A graduate student detained by Tajikistan’s security services over five weeks ago and accused of treason has been released on his own recognizance. Alexander Sodiqov confirmed to the BBC’s Russian Service late on July 22, "I'm home. I'm happy. I'm with my family. I'm doing well. I've been treated well.” He is reportedly not allowed to leave the country.
Sodiqov, 31, was arrested on June 16 while interviewing an opposition leader in Badakhshan province, scene of fighting between militants and government troops in 2012 and renewed upheaval in May. A political science PhD student at the University of Toronto, Sodiqov was home in his native Tajikistan carrying out research for the University of Exeter when he was detained.

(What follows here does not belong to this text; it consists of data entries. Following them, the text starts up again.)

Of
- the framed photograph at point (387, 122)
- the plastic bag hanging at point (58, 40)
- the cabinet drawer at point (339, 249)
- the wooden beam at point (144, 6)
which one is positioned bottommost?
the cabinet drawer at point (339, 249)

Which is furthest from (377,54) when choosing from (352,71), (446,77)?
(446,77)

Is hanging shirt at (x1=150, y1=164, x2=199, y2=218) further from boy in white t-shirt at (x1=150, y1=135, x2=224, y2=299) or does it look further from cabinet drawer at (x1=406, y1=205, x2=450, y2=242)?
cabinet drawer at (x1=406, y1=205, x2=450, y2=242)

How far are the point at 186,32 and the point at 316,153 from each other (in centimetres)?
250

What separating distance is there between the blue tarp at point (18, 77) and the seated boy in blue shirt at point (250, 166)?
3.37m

The State Committee for National Security (GKNB) accused Sodiqov of carrying out “subversion and espionage” for an unnamed foreign country. As EurasiaNet reported:
Friends and colleagues are growing increasingly concerned that Tajikistan’s heavy-handed authorities may be trying to make an example out of Sodiqov to discourage others from examining tensions between Tajikistan’s authoritarian government and minorities in the restive eastern province of Badakhshan. […]

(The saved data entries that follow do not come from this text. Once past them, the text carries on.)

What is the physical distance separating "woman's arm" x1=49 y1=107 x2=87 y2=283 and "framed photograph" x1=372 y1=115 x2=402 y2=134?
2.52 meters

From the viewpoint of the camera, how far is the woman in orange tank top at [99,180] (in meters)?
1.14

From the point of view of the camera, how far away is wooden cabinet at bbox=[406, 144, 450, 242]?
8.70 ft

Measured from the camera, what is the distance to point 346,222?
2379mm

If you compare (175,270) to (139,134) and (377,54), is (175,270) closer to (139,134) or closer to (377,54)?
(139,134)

Tajik authorities are notoriously thin-skinned about anyone prying into their fraught relations with ethnic minorities in Badakhshan, which happens to be a key weigh station on the drug trafficking route between Afghanistan and Russia.

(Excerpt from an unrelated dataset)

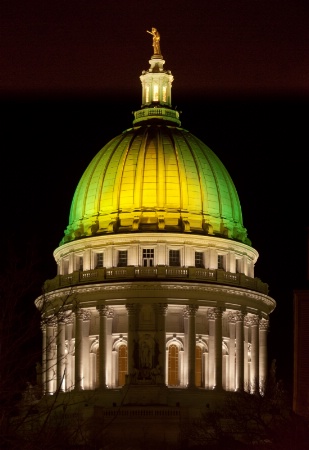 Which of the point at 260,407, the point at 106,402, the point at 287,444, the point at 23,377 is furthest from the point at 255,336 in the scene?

Sodiqov’s arrest garnered widespread international attention from academics and journalists. It also overshadowed Tajik Foreign Minister Sirodjidin Aslov’s trip to London this month. Aslov came away with little to show for his high-level meetings, where British officials reportedly pressed him on Sodiqov’s detention.
In a brief statement, Exeter University said it is eager to see the case against Sodiqov dropped, “so Alexander can return to his studies in Canada.”